Question

A current of 3.7 A passed for 6 h between nickel electrodes in 0.5 L of a 2 M solution of \[Ni{{(N{{O}_{3}})}_{2}}\]. The molarity (M) of the solution at the end of electrolysis will be: (write your answer to the nearest integer)

Answer 1

Hint: Electrolysis is a process of decomposition of ionic compounds into their elements by passing some amount of electric current through the substance in a fluid form.

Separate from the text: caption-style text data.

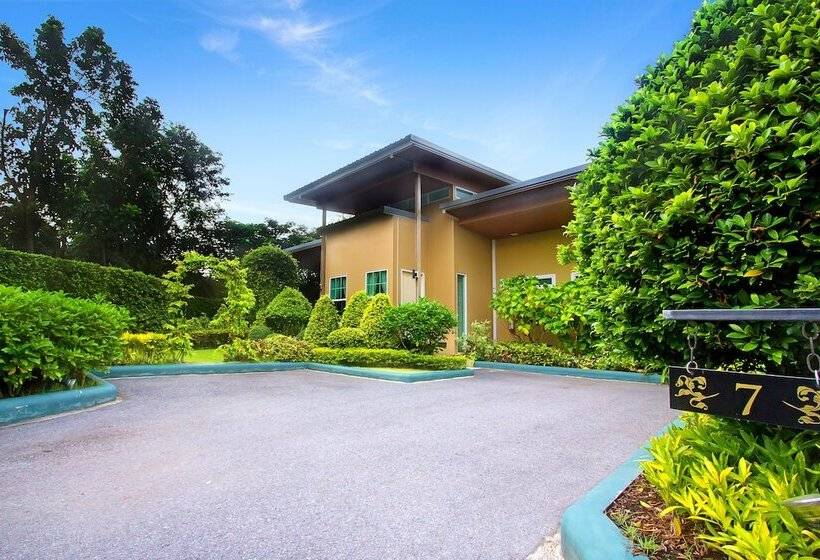 Rancho Charnvee Resort & Country Club Khaoyai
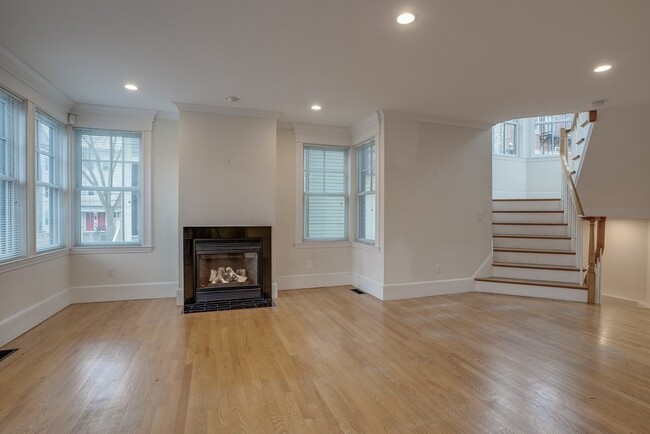 15 Valentine St, Unit 3 in Cambridge, MA - Building Photo - Building Photo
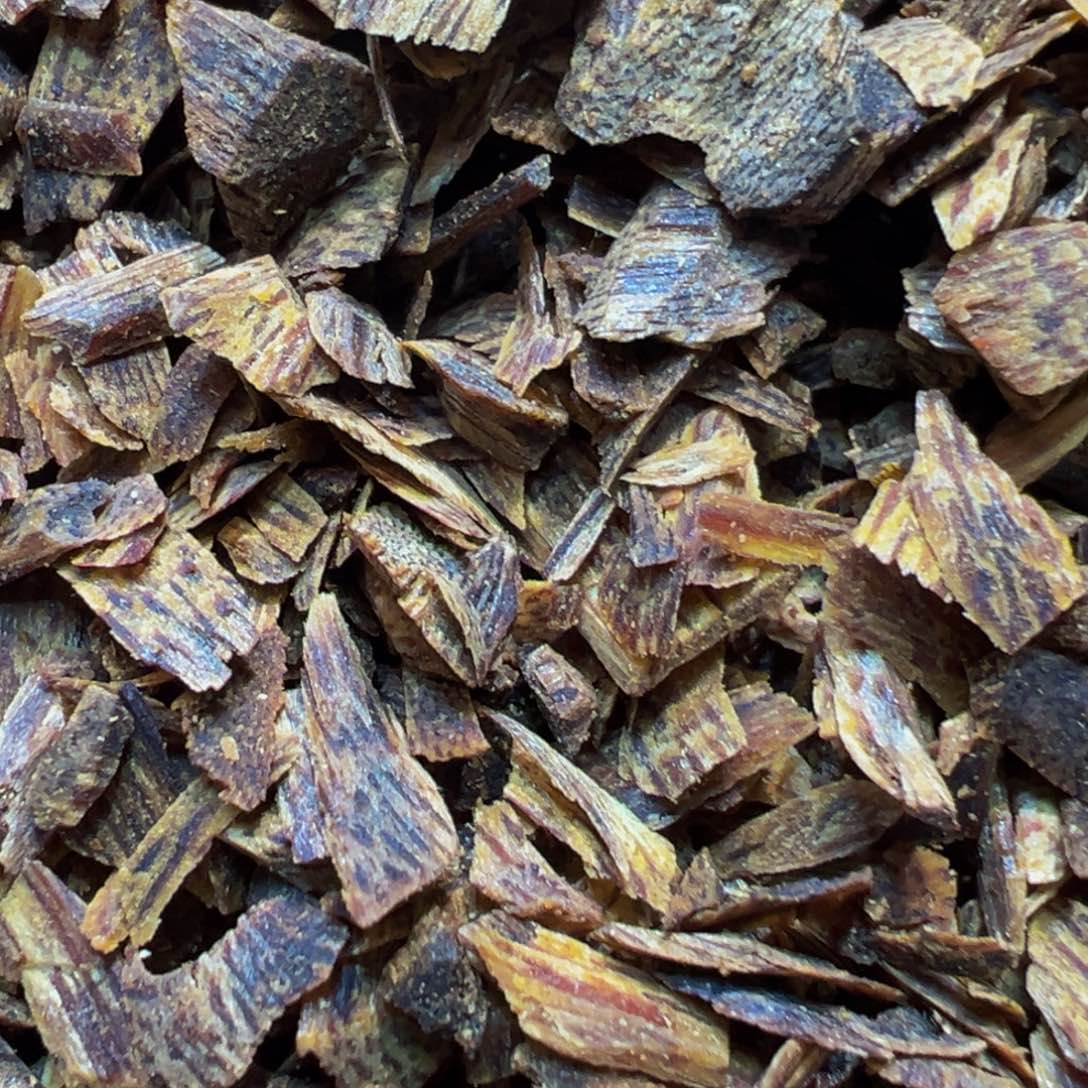 沉香木手把件海南乌身沉水树丁切珠料20克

During the electrolysis some of the ions deposits on one the electrodes and few ions will remain in the solution itself.
Formula used:
Formula to calculate electrical charge is
Q = i \[\times \] t
Q = Charge
i = current,
t = time

Complete step by step answer:
In the question it is given that current i = 3.7 A
Time t = 6 hours = 21600 seconds.
We know the formula to calculate electrical charge (Q) from the above data.
Q = i \[\times \] t
    = 3.7 \[\times \] 21600 C
    = 79,920 C.
We know that 96,500 C of electricity deposits 1 gm equivalents of nickel.
We have to calculate 79,920 C of electricity deposits and how much amount of nickel.
\[\begin{align}
 & =\frac{1\times 79,920}{96,500} \\
 & =0.828g\text{ }eq \\
\end{align}\]
79,920 C of electricity deposits 0.828 gm equivalents of nickel.
Now we have to calculate number of moles of nickel by using the formula
Number of moles of Nickel \[\begin{align}
 & \text{=}\frac{\text{gm equivalents of nickel}}{\text{valency of nickel}} \\
 & =\frac{0.828}{2} \\
 & =0.414mol \\
\end{align}\]
(Valency of nickel in \[Ni{{(N{{O}_{3}})}_{2}}\] = 2)
In the question it is given that volume (V) is 0.5 L and the molarity of the solution (M) is 2 M
Now from the data of volume and molarity we can calculate the total number of moles of nickel in the original solution by using the following formula.
\[\begin{align}
 & \text{Molarity=}\frac{\text{number of moles}}{\text{Volume (in liter)}} \\
 & \text{2=}\frac{\text{number of moles}}{\text{0}\text{.5}} \\
 & \text{number of moles =1}\text{.0 mol} \\
\end{align}\]
Therefore nickel left in 0.5 L solution = number of moles of nickel in original solution- number
of moles of nickel deposited
         = 1.0 – 0.414
         = 0.586 mol
Therefore molarity of the solution at the end of the electrolysis
\[\]
\[\begin{align}
 & \text{Molarity =}\frac{\text{number of moles}}{\text{Volume (in liter)}} \\
 & \text{ = }\frac{0.586}{0.5} \\
 & \text{ = 1}\text{.172 M} \\
\end{align}\]
So, the molarity (M) of the solution at the end of electrolysis is 1.172 M.
The nearest integer of 1.172 is 1 M.

Note:
We have to calculate first nickel deposited at electrodes during electrolysis and later nickel left in the solution after electrolysis to find the molarity of the solution at the end of the electrolysis. Also remember that we have to subtract the number of moles of Nickel deposited from the number of moles of Nickel in the original solution. If you don’t subtract this value and calculate the molarity based on the number of moles of Nickel deposited, you will end up getting the wrong answer.